- Arms of the Dukes of Wellington as Duke of Victoria.
- Creation date: 18 December 1812
- Created by: Prince Regent John of Portugal (later King John VI)
- Peerage: Peerage of Portugal
- First holder: Arthur Wellesley, 1st Marquess of Wellington
- Present holder: Charles Wellesley, 9th Duke of Wellington
- Heir apparent: Arthur Wellesley, Earl of Mornington
- Remainder to: the 1st Duke's heirs male of the body lawfully begotten
- Subsidiary titles: Marquess of Torres Vedras; Count of Vimeiro;

= Duke of Victoria =

Portuguese title of nobility

Duke of Victoria (Duque da Vitória) is a Portuguese title of nobility retained by the Duke of Wellington.

The title was created by Prince Regent John of Portugal (later King John VI) on 18 December 1812 to honour the British General Arthur Wellesley, who commanded the armies that eventually defeated the troops of Emperor Napoleon I of France in the Peninsular War. It was the only grant of a Portuguese dukedom to a foreigner.

Arthur Wellesley had already received the Portuguese titles Conde de Vimeiro (Count of Vimeiro, 18 October 1811) and Marquês de Torres Vedras (Marquess of Torres Vedras, 17 December 1812), which became titles subsidiary to that of Duque da Vitória. He also received the British peerage title Duke of Wellington, and other titles and honours from the United Kingdom, Spain, and the Netherlands. All these titles have been passed to his heirs to the present day.
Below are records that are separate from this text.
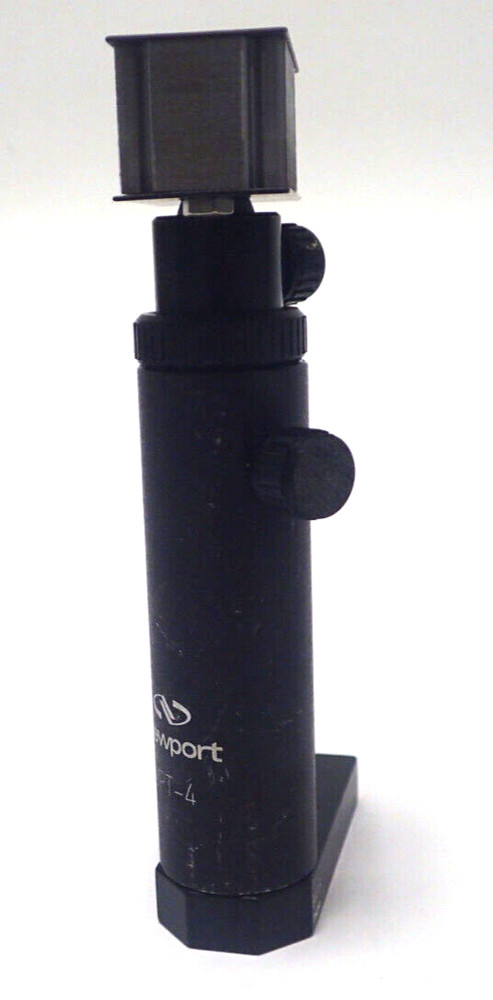 THORLABS POST HOLDER / BASE BA1S w/ VISIBLE BEAM BLOCK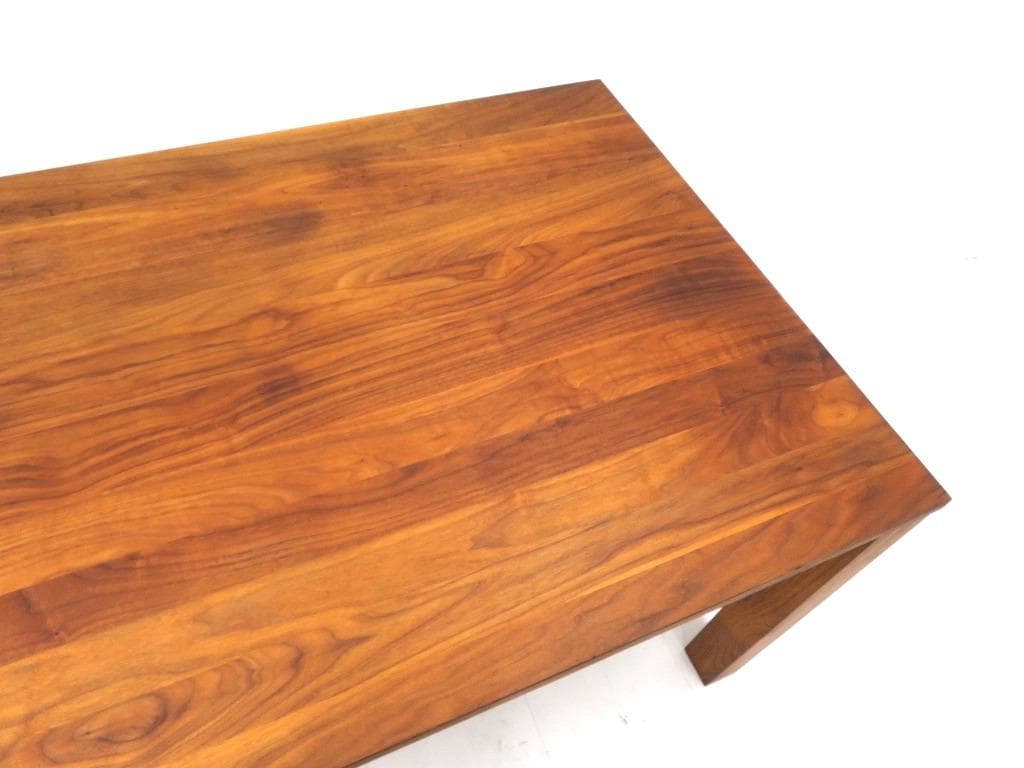 展示品　アクタス　REN　ウォールナット　無垢材　ダイニングテーブル　モダン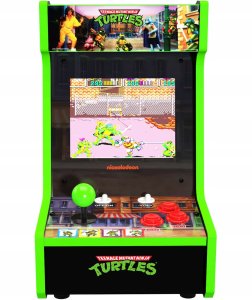 Breloczek Arcade1UP Mini Konsola Retro Pac-man Breloczek Brelok Kultowa Gra Arcade Na Prezent / 320126 11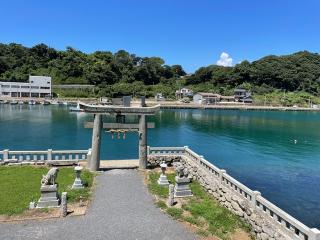 田島神社の参拝記録(Plutoさん)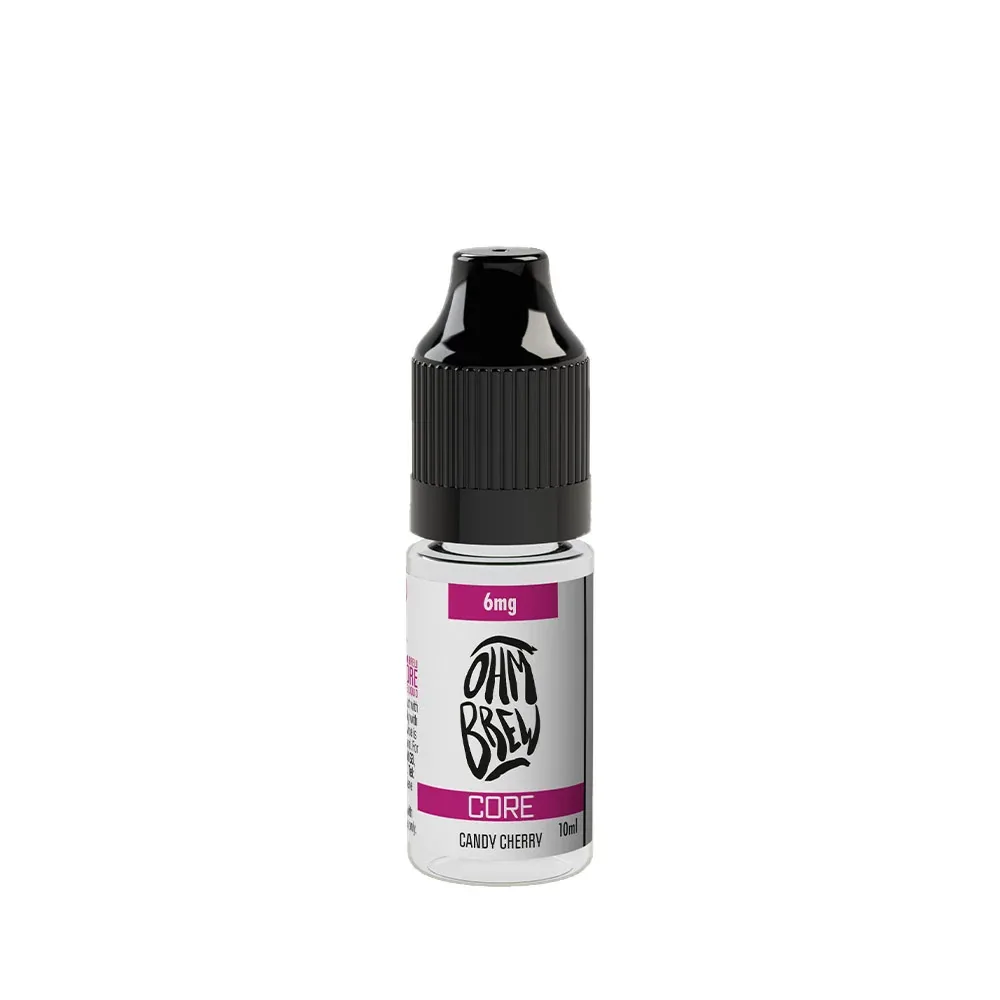 Ohm Brew Core Candy Cherry 50/50 E-Liquid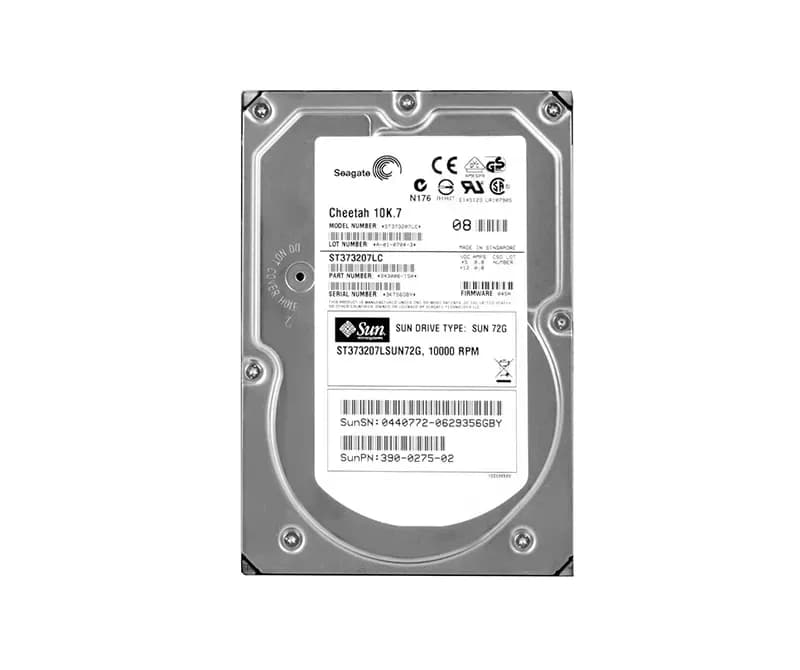 Sun 390-0275 73GB Ultra320 SCSI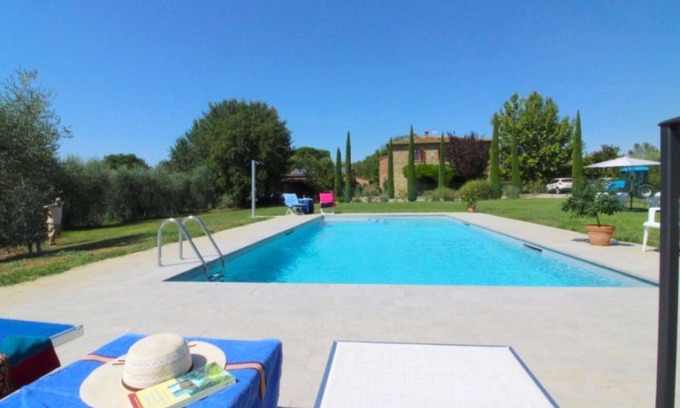 Le Piazze Villa | VILLA BROLIO Castiglion Fiorentino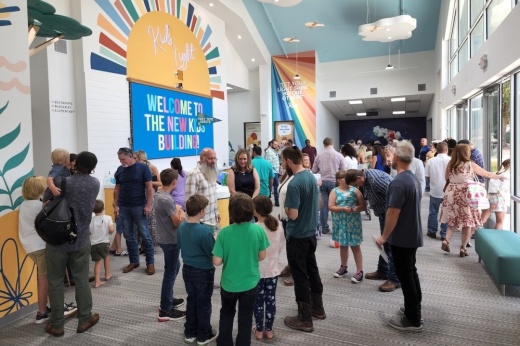 The Light Church celebrated the grand opening of its 11,000-square-foot children's building July 17. (Courtesy The Light Church)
== Dukes of Victoria since 1812 ==
- Arthur Wellesley, 1st Duke of Victoria (1769–1852) from 1812
- Arthur Richard Wellesley, 2nd Duke of Victoria (1807–1884) from 1852
- Henry Wellesley, 3rd Duke of Victoria (1846–1900) from 1884
- Arthur Charles Wellesley, 4th Duke of Victoria (1849–1934) from 1900 until 1934
- Arthur Charles Wellesley, 5th Duke of Victoria (1876–1941) from 1934
- Henry Valerian George Wellesley, 6th Duke of Victoria (1912–1943) from 1941
- Gerald Wellesley, 7th Duke of Victoria (1885–1972) from 1943
- Arthur Valerian Wellesley, 8th Duke of Victoria (1915–2014) from 1972
- Arthur Charles Valerian Wellesley, 9th Duke of Victoria (b. 1945) since 2014

The heir apparent is the present holder's son Arthur Wellesley, Marquess of Douro, whose heir apparent is his son Arthur Darcy Wellesley.

== Use of titles of nobility in the Portuguese Republic ==
With the end of the Portuguese monarchy in 1910, all titles of Portuguese nobility were initially abolished. Notwithstanding, although the status of nobility has not been recognised in law since 1910, legitimate titles of nobility (those granted by a reigning monarch before 5 October 1910) have been given legal recognition and protection, including under article 26 of the Portuguese Constitution, in conjunction with articles 70 and 72 of the Civil Code, as established by decision of Portugal's Supreme Court of Justice in 2014.